Is the opera world as fluid, as changeable, as Broadway?
We don't have as much time in opera. On Broadway, we have previews. But as a director, you're always racing against the clock. You never have enough time. You never feel like it's ready.
The Ellie Caulkins theater, where you had your Denver tryout, is actually bigger than the Lunt-Fontanne?
Yes, it was. There was a bigger audience, but it's bigger backstage here. We actually brought that proscenium in a bit (in Denver). It looked beautiful there and 95,000 people saw it and stood up for it. The Lunt is going to be perfect, a real intimate space. It's going to be wonderfully served there.
As a New Yorker - even one who has lived abroad for many years - you understand Broadway. Has anything surprised you about this show's path to Broadway?
Not really. I think it's understanding that we're here to create a piece that speaks to a wide audience. That's why I wanted to do this, to make theater for a new audience, for young audiences, for families, because I want live theater to be alive in the next generation. The wonderful thing about this piece, and about working with Disney, is that they're willing to go the extra mile to hire a real diversity of artists and collaborators, from Broadway veterans to newcomers to foreign artists to create a unique vision on Broadway that is different from anything else.
What do you know now that you wish you had known at the outset of the project?
A theater piece is always evolving. It is never captured the way a film is or a painting. What I knew a year ago and what I learned along the way is fused into the piece and it's constantly evolving.
People will come into the Lunt-Fontanne knowing the story, knowing some of the songs and wondering 'OK, what's she going to do with this?'
It's funny. You'd think that, but you'd be surprised at the number of people who come to see it who either don't know the movie at all or some people who know all of the movies, because there's more than one 'Little Mermaid.' Some people just come like open books, but those who do know it come in and enter our world and accept it as a theatrical experience.
Hans Christian Andersen's story ends much differently than the Disney film. Some people might sniff and look at the Disney version of Ariel as a girl who gets her man.
We tried to give her more substance - not only in what she gets but in her journey there. It was important for me to put onstage a positive role model of a young girl who is independent and chooses her own destiny and follows it and acts upon it. And later she does heroic things.
Yes, she gets her man, but he also accepted her when she wasn't perfect, when she didn't have a voice. There are all sorts of morals in this piece and I think people will embrace it, people will jump all over it. It makes you respond and react.
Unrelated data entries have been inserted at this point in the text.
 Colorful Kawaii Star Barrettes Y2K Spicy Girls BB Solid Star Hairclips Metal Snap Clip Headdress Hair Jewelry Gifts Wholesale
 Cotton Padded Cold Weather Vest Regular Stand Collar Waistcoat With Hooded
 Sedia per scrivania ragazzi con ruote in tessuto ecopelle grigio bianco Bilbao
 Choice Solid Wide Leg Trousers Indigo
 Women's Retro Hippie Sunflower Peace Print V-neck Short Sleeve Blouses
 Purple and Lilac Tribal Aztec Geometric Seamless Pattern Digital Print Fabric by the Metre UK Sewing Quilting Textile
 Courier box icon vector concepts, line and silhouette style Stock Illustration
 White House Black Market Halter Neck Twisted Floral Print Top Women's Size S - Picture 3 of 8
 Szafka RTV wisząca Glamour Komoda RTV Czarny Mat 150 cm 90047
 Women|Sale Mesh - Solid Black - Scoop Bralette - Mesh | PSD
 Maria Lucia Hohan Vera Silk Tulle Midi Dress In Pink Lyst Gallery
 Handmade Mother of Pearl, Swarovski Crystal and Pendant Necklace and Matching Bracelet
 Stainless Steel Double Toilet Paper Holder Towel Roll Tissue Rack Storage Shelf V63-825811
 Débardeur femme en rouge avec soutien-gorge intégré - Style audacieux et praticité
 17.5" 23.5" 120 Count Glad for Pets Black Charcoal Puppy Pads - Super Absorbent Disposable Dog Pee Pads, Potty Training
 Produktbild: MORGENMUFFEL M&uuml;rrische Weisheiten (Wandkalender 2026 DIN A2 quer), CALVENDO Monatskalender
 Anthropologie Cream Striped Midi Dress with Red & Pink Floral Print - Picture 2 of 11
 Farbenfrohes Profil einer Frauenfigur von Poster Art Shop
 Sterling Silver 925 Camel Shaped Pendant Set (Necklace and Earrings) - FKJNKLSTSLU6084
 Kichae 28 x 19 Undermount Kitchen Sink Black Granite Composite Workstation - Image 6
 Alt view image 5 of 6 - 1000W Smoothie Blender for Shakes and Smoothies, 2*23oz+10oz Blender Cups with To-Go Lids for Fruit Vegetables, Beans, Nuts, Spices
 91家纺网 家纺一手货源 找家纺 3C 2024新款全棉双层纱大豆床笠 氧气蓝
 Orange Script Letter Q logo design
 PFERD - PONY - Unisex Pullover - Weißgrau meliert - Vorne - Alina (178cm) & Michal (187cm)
Prince Eric gets a makeover of sorts on Broadway.
Working with Doug (Wright), the book writer and Alan Menken, we've beefed up his character and given him a through-line and a stronger journey. He doesn't want to be king, he wants to be connected to nature and Ariel represents nature and water. So they have much more of an interesting connection.
How close to your original vision for the show is what's on stage now at the Lunt-Fontanne?
We're very close, with the visual world and the movement world and the story. For me, it was important to develop the emotional core of the piece. I didn't want to lose that. I wanted to enhance it.
I wanted that father-daughter relationship. I wanted that brother-sister. I wanted the dysfunctional family and the healing of the family. I wanted all of that to come alive. It's mythological, this piece!
It's a fusion of Shakespeare and children's theater and Broadway. It's many forms drawn together, and that's what myth is. The Greeks!